For decades Digi-Key Corp. sold electronic components to engineers, tradesmen, and hobbyists via its encyclopedic print catalog exclusively, eschewing an outside sales force. The advent of ecommerce changed that, of course, as did the hiring of chief marketing officer Tony Harris.
“I joined Digi-Key four years ago with the intention of converting us from a catalog model to a company with a strong ecommerce component,” Harris says, and he certainly has succeeded. More than 85% of Digi-Key’s U.S. revenue and 99% of its overseas sales are Internet driven, largely because of its emphasis on improving the online experience for its audience. The company is projecting worldwide sales of nearly $1.5 billion for 2010.

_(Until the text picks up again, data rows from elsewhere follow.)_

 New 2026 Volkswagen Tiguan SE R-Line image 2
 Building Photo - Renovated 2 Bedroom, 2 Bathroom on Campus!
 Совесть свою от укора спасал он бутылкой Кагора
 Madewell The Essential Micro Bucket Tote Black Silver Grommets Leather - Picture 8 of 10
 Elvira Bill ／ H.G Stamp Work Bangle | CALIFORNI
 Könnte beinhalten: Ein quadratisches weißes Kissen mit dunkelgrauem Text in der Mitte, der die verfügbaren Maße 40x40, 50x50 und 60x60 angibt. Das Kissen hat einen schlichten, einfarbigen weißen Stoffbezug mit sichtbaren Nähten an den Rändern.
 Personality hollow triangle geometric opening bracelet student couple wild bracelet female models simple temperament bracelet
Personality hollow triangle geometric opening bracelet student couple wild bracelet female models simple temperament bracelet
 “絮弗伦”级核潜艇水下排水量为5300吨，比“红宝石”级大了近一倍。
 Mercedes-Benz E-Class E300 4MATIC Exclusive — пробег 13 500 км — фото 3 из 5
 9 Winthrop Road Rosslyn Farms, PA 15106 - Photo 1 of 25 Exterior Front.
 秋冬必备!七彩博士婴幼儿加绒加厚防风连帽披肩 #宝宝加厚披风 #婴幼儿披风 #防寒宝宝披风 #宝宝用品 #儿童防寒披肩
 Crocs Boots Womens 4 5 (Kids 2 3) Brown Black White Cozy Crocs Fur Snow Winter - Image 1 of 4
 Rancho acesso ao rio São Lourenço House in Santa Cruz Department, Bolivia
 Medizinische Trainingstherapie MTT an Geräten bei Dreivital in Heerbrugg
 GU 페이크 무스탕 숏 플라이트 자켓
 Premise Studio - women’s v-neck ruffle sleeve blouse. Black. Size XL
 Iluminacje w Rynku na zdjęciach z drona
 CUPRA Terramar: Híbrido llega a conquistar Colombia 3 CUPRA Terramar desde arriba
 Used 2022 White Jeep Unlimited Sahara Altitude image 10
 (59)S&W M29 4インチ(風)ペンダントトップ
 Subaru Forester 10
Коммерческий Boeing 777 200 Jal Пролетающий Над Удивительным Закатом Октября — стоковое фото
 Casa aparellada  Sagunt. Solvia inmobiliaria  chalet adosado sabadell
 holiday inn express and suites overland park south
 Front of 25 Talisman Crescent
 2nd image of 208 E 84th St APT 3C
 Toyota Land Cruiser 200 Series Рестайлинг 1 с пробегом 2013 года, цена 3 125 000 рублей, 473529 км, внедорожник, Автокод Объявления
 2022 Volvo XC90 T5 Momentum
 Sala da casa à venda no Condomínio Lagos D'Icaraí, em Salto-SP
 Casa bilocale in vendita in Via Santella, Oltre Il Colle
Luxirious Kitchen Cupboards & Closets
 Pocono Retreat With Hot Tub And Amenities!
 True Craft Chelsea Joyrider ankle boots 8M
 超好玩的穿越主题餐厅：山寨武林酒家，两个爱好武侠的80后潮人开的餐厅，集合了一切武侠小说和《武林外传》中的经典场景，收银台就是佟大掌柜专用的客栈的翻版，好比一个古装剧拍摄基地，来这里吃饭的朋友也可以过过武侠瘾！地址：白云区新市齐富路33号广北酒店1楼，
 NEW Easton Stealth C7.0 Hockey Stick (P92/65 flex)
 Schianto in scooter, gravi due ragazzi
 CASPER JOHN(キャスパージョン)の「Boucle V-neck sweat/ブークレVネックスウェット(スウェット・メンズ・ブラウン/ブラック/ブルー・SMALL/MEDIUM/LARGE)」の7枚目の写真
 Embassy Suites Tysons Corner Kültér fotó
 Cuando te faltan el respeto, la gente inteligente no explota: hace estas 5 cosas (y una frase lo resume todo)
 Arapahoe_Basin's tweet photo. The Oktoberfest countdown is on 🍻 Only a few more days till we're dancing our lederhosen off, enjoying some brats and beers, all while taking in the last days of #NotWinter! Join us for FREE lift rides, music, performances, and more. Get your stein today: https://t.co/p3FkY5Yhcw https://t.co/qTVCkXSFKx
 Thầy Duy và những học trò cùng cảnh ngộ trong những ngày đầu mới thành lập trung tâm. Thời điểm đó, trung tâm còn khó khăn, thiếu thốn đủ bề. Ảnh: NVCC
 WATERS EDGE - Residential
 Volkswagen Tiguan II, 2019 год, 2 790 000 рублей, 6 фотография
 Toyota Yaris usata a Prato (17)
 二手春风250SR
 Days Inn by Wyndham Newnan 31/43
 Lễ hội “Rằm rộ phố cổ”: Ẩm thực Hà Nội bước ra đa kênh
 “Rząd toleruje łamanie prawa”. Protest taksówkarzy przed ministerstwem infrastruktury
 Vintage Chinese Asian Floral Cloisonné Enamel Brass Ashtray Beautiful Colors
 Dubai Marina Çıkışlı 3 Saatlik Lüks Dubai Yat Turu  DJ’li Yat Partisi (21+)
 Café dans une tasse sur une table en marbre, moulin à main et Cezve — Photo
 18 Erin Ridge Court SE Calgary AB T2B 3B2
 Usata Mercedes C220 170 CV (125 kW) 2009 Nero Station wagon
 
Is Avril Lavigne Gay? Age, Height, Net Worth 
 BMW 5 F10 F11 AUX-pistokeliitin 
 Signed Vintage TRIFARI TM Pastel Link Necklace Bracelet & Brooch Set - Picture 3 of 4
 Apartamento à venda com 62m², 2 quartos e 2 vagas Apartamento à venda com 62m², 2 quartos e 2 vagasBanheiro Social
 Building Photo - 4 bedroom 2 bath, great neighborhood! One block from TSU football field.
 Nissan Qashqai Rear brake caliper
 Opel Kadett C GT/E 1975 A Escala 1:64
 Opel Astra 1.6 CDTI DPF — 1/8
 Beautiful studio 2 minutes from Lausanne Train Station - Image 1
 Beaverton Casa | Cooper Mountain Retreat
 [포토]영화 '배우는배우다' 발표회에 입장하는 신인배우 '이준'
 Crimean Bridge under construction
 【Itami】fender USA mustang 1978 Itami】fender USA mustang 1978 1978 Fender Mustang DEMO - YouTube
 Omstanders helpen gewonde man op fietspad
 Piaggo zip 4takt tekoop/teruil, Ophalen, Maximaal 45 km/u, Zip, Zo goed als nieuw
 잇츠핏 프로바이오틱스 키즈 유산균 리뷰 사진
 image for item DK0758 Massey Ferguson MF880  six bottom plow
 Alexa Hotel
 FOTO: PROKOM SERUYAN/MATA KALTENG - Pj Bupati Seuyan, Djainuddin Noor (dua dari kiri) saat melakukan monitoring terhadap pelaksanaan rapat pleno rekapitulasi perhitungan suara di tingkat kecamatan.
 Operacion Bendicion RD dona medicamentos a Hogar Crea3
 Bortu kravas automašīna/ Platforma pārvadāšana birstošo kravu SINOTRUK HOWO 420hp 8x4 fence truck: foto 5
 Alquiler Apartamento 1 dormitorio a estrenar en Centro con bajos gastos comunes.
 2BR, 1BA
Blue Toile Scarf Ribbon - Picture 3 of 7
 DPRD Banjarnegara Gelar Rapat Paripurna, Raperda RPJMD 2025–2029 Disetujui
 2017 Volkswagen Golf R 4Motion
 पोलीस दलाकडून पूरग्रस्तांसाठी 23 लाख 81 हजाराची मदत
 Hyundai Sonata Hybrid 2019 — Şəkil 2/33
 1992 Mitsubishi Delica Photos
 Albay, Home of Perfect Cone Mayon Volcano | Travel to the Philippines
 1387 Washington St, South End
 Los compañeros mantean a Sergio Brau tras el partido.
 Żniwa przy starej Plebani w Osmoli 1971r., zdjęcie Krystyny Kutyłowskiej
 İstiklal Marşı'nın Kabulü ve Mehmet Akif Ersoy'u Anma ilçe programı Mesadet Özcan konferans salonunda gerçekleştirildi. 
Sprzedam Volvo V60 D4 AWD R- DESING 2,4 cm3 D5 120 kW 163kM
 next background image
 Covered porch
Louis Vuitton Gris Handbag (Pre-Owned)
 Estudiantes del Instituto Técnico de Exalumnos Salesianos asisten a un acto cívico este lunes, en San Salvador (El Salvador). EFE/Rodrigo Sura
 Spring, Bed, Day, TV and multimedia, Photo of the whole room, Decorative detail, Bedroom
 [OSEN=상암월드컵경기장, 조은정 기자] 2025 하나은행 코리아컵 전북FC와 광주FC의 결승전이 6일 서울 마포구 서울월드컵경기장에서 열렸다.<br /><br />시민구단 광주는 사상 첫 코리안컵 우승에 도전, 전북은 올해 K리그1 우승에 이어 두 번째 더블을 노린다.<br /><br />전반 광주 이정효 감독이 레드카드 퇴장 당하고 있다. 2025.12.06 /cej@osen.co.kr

The Lighting and System Design virtual symposium it held in August 2010 is a case in point. Like an in-person trade show, the seven-hour online event included a keynote speaker, multiple tracks of sessions, and an exhibit floor featuring a number of the 450-plus companies whose products are distributed by Digi-Key. The symposium strengthened Digi-Key’s relationships with its vendors as well as solidified its reputation among customers as a knowledgeable industry source. And of course, it raised Digi-Key’s profile among prospective customers as well.
“Virtual outreach is critical to the brand because you’re not going to meet a salesperson from Digi-Key,” Harris says. “The virtual nature of that show works well for someone that’s virtual.” The event was successful enough to encourage Digi-Key to cosponsor another virtual event, Microchip’s Embedded Designers Forum, earlier this month.
Other digital initiatives include the creation of sector-specific Tech Zones on www.digikey.com. These five microsites include not just products but also articles, videos, white papers, and other resources for each particular market sector (lighting, microcontroller, power, sensor, and wireless).
“The Tech Zones allow a user to traverse our site in an expedient fashion in a way that is very lucid,” Harris explains. “It immediately reduces your amount of search time and allows you to spend more time shopping.” Given that Digi-Key sells close to 2 million SKUs, this sort of simplification is critical. “I try to reduce visual exhaustion,” Harris says.
Many of Digi-Key’s online efforts—including its introduction of mobile and iPad apps, a YouTube channel, and downloadable widgets—are cutting edge not only for the components industry but for direct marketers as a whole. Its iPhone app, for instance, enables customers to download and save as well as to view high-resolution data sheets for some 1.8 million products, which they can later add to their virtual shopping cart directly from the data sheet. The app also supports currencies for every market Digi-Key sells to. Another digital initiative, a downloadable toolbar, is customizable for each of Digi-Key’s 25 country-specific Websites and provides personalized search capabilities and other functions.
And while b-to-b marketers tend to shun social media, aside from LinkedIn perhaps, Digi-Key has a Facebook page with more than 2,000 “friends” and a Twitter feed. On the latter, the company not only shares information about new products with its more than 3,200 followers but also runs contests with prizes every Monday and Thursday—a great way to encourage retention among followers. The contests, the Facebook page, and the videos also help to give a personality to Digi-Key, further distinguishing it from other components distributors.
Although Harris is pleased to note that Digi-Key was the first of its peers to offer Android and iPhone apps, among other tools, he doesn’t look to Digi-Key’s direct competitors for inspiration. “I look outward to companies like eBay or Amazon or L.L. Bean or Netflix to see what they do,” he says. “Sites like Netflix are what I call measuring sticks for what Digi-Key is accomplishing and trying to do on a global scale.”
Numerous b-to-b marketers still contend that because their customers are making purchases for their companies rather than for themselves, they should be marketed to differently. But Digi-Key appears to follow the philosophy that as the division between “professional” and “personal” lives continues to blur and fade, so should differences in how you market and sell business and consumer products and services.
“It doesn’t matter if someone is an engineer or the president of a company; they have a general expectation of how they go about and source something online, whether it’s a refrigerator or a camera or b-to-b products,” Harris says. “Everyone’s a consumer; you just have to figure out how to reach them.”